• _WORK ITEM_
Look through the data below for the line with "I went to New", and transcribe it exactly together with each line after it up to and including the line with "Hello, this is". Give nothing else.

• _GIVEN ENTRIES_
..........

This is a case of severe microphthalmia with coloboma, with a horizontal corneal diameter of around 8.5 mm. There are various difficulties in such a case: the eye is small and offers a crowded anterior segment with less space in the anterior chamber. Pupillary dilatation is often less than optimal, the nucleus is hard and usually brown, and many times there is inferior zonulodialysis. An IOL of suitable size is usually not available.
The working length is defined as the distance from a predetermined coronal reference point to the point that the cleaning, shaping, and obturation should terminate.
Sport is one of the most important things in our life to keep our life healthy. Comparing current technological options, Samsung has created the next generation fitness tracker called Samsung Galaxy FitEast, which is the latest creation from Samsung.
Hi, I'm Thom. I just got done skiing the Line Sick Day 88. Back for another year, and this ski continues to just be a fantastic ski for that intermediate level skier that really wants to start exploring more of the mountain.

..........

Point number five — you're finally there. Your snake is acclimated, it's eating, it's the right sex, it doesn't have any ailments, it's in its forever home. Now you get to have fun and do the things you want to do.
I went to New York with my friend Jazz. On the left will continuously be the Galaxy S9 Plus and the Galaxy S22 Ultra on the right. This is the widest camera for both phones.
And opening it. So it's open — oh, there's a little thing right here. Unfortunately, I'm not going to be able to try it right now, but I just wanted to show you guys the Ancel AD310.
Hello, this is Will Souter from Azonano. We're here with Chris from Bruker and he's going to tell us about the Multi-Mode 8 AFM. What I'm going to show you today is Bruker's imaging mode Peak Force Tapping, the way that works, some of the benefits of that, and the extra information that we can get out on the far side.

..........

• _TASK OUTPUT_
I went to New York with my friend Jazz. On the left will continuously be the Galaxy S9 Plus and the Galaxy S22 Ultra on the right. This is the widest camera for both phones.
And opening it. So it's open — oh, there's a little thing right here. Unfortunately, I'm not going to be able to try it right now, but I just wanted to show you guys the Ancel AD310.
Hello, this is Will Souter from Azonano. We're here with Chris from Bruker and he's going to tell us about the Multi-Mode 8 AFM. What I'm going to show you today is Bruker's imaging mode Peak Force Tapping, the way that works, some of the benefits of that, and the extra information that we can get out on the far side.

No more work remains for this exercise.